Offer to Purchase dated June 5, 2024
 

 
IMPORTANT
If you want to tender all or any portion of your ADSs, you must do one of the following before the Offer expires at 5:00 P.M., New York City time, on July 12, 2024 (unless the Offer is extended):

if your ADSs are registered in the name of a broker, dealer, commercial bank, trust company or other nominee, contact the nominee and request that the nominee tender your ADSs for you. Beneficial owners should be aware that their broker, dealer, commercial bank, trust company or other nominee may establish its own earlier deadlines for participation in the Offer. Accordingly, beneficial owners wishing to participate in the Offer should contact their broker, dealer, commercial bank, trust company or other nominee as soon as possible in order to determine the times by which such owner must take action in order to participate in the Offer;

if you hold American Depositary Receipts (“ADRs”) evidencing your ownership of ADSs or hold ADSs in book-entry form as a registered holder, complete and sign a Letter of Transmittal according to its instructions and deliver it, together with any required signature guarantees, the ADRs evidencing your ADSs, if applicable, and any other documents required by the Letter of Transmittal, to Broadridge Corporate Issuer Solutions, LLC, the Depositary for the Offer, at one of the addresses shown on the back cover of this Offer to Purchase;

if you are an institution participating in The Depository Trust Company, which we call the “Book-Entry Transfer Facility” in this Offer to Purchase, tender your ADSs according to the procedures for book-entry transfer described in Section 3; or

if you are a holder of vested options, you may exercise your vested options and receive Class A ordinary shares, which you may deposit with the ADSs Depositary in exchange for ADSs, and tender any of the ADSs, subject to the terms of our 2015 Global Share Option Plan (“Share Incentive Plan”) and the award agreement pursuant to which such options were granted.
You must exercise your options sufficiently in advance of the Expiration Date to receive your ADSs in order to tender them in the Offer.
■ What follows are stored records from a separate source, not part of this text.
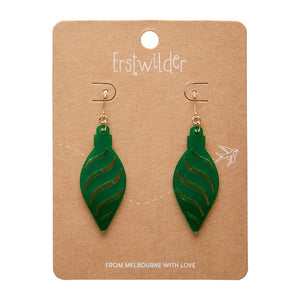 Long Bauble Drop Earrings - Green  -  Erstwilder Essentials  -  Quirky Resin and Enamel Accessories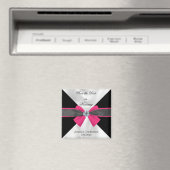 クラシックマゼンタボウ付き白黒ドレープ マグネット (インサイチュ (食洗機))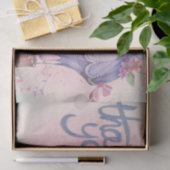 ピンクとパープルの花柄 薄葉紙 (ギフト)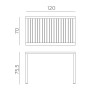 Dimensions, Table Cube 120x70 Nardi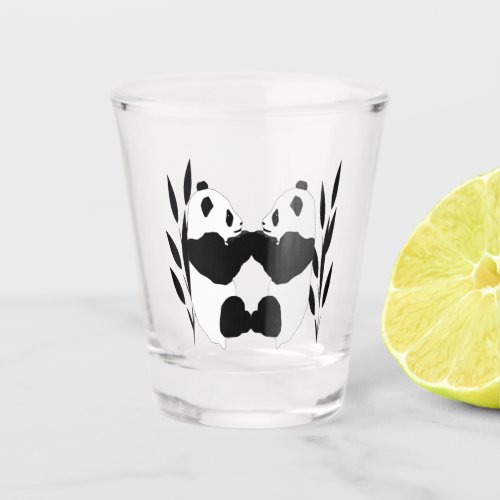 Black and White Panda Bear Animals Shot Glass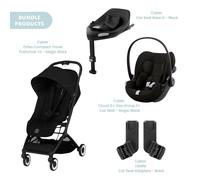 Cybex Orfeo V2 Compact Pushchair with Cloud G Car Seat & Base Travel System Bundle - Magic Black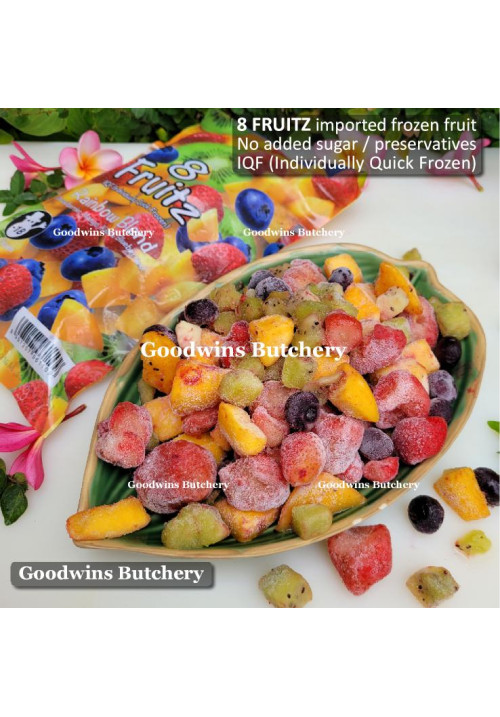 8Fruitz IQF frozen fruit MIXED RAINBOW BLEND 8 Fruitz 500g (Strawberry Blueberry Kiwifruit Mango)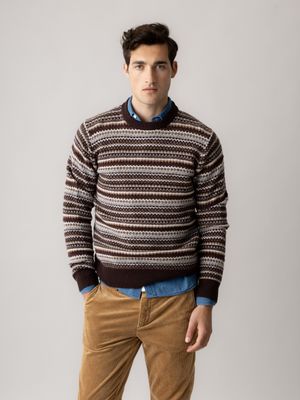 Mos Mosh Gallery laporte pence crew neck knit multicolour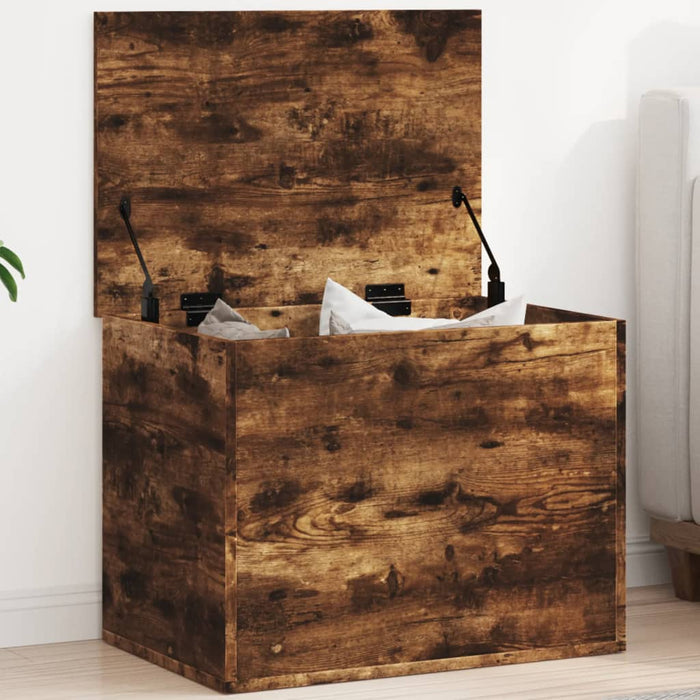 Opbergbox 60X42X46 Cm Bewerkt Hout Gerookt Eikenkleurig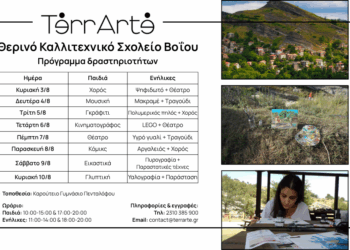 Η εταιρεία τέχνης και πολιτισμού TerrArte διοργανώνει το Θερινό Καλλιτεχνικό Σχολείο Βοΐου. 3 – 10 Αυγούστου 2025, Πεντάλοφος Βοΐου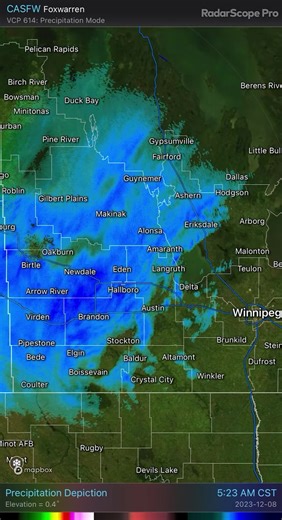 Snow continues to fall in Western and South Western MB at 7am. Radar loop over the last couple of hours shows where the snow is falling and accumulation is occurring. (The green at the start is rain in the Brandon area that turned to snow around 5:15am). Temperatures are hovering right around the freezing mark (0°) and wind is coming from the North. Latest models show moisture will move eastwards towards the city of Winnipeg later this afternoon into the evening. Temperatures across western Mani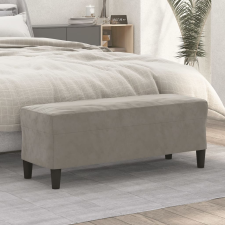 vidaXL világosszürke bársony pad 100 x 35 x 41 cm bútor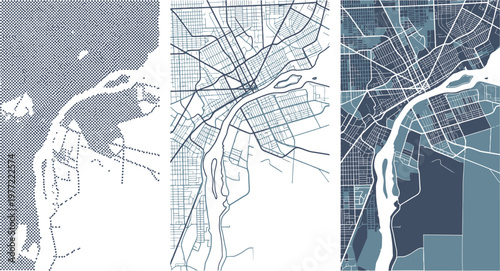 City map vector illustration set featuring urban street layouts with halftone patterns and various colorful abstract modern graphic designs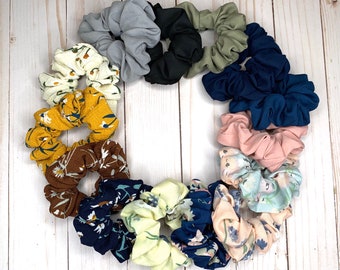 SCRUNCHIES - Solid and Floral Collection | Hair Ties | Hair Elastics |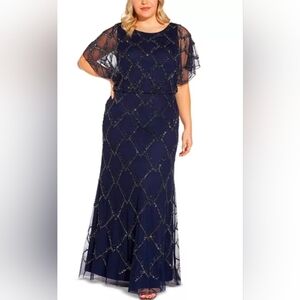 Adrianna Papell Blouson Beaded Gown
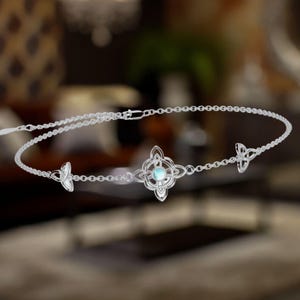 Pulseira de pedra da lua com nó celta, prata esterlina 925, joia com nó celta da trindade para mulheres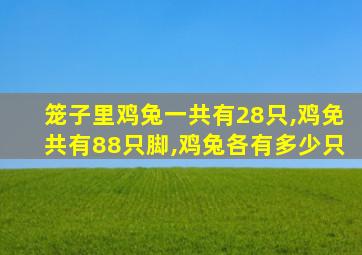 笼子里鸡兔一共有28只,鸡免共有88只脚,鸡兔各有多少只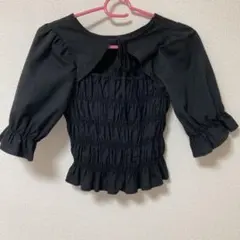 GRL 黒　五分袖　半袖　リボン　トップス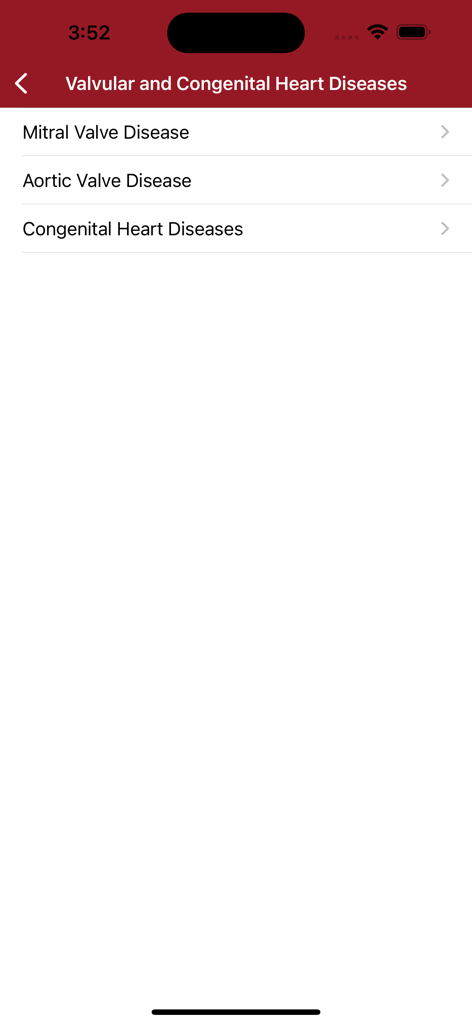 Ein Menübildschirm mit medizinischen Lernthemen für Herzklappenerkrankungen und angeborene Herzerkrankungen, einschließlich Mitral- und Aortenklappenerkrankungen.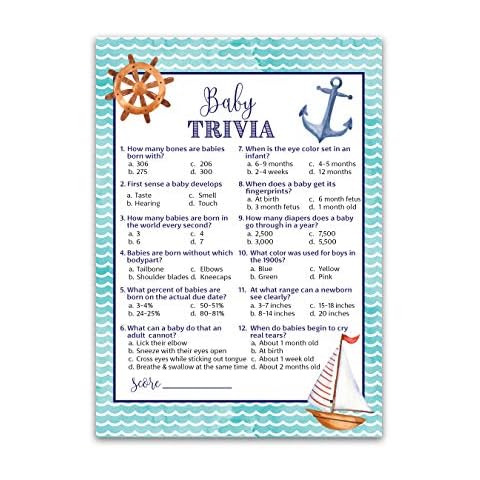 NAUTICAL Baby Shower Games — BABY TRIVIA Game — Pack of 25, Rustic Navy Blue Anchor, Ahoy BOY Baby Shower Game, Sail Boat Fun Baby Facts Game Gender Neutral Nautical Theme Shower Activity G807-TRV Cover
An exercise of an option cannot be revoked, even if ADSs received upon the exercise thereof are tendered in the Offer but are not purchased in the Offer for any reason.
If you wish to tender your ADSs, but (a) your ADRs evidencing the ADSs are not immediately available, or cannot be delivered to the Depositary by the Expiration Date, (b) you cannot comply with the procedure for book-entry transfer by the Expiration Date, or (c) your other required documents cannot be delivered to the Depositary by the Expiration Date, you can still tender your ADSs if you comply with the guaranteed delivery procedures described in Section 3. We are not making the Offer to, and will not accept any tendered ADSs from, securityholders in any jurisdiction where it would be illegal to do so. However, we may, at our discretion and subject to applicable law, take any actions necessary for us to make the Offer to securityholders in any such jurisdiction.
You may contact the Information Agent at (855) 793-5068 (toll-free), or your broker, dealer, commercial bank, trust company or other nominee for assistance. The contact information for the Information Agent is set forth on the back cover of this Offer to Purchase.
OUR BOARD OF DIRECTORS HAS AUTHORIZED US TO MAKE THE OFFER. HOWEVER, NONE OF THE COMPANY, THE MEMBERS OF OUR BOARD OF DIRECTORS, THE INFORMATION AGENT OR THE DEPOSITARY HAS MADE ANY RECOMMENDATION AS TO WHETHER YOU SHOULD TENDER OR REFRAIN FROM TENDERING YOUR ADSS. NONE OF THE COMPANY, THE MEMBERS OF OUR BOARD OF DIRECTORS, THE INFORMATION AGENT OR THE DEPOSITARY HAS AUTHORIZED ANY PERSON TO MAKE ANY RECOMMENDATION ON OUR BEHALF AS TO WHETHER YOU SHOULD TENDER OR REFRAIN FROM TENDERING YOUR ADSS. NONE OF THE COMPANY, THE MEMBERS OF OUR BOARD OF DIRECTORS, THE INFORMATION AGENT OR THE DEPOSITARY HAS AUTHORIZED ANY PERSON TO GIVE ANY INFORMATION OR TO MAKE ANY REPRESENTATION IN CONNECTION WITH THE OFFER OTHER THAN THOSE CONTAINED IN THIS OFFER TO PURCHASE OR IN THE LETTER OF TRANSMITTAL. YOU SHOULD NOT RELY ON ANY RECOMMENDATION, OR ANY SUCH REPRESENTATION OR INFORMATION, AS HAVING BEEN AUTHORIZED BY US, ANY MEMBER OF OUR BOARD OF DIRECTORS, THE INFORMATION AGENT OR THE DEPOSITARY.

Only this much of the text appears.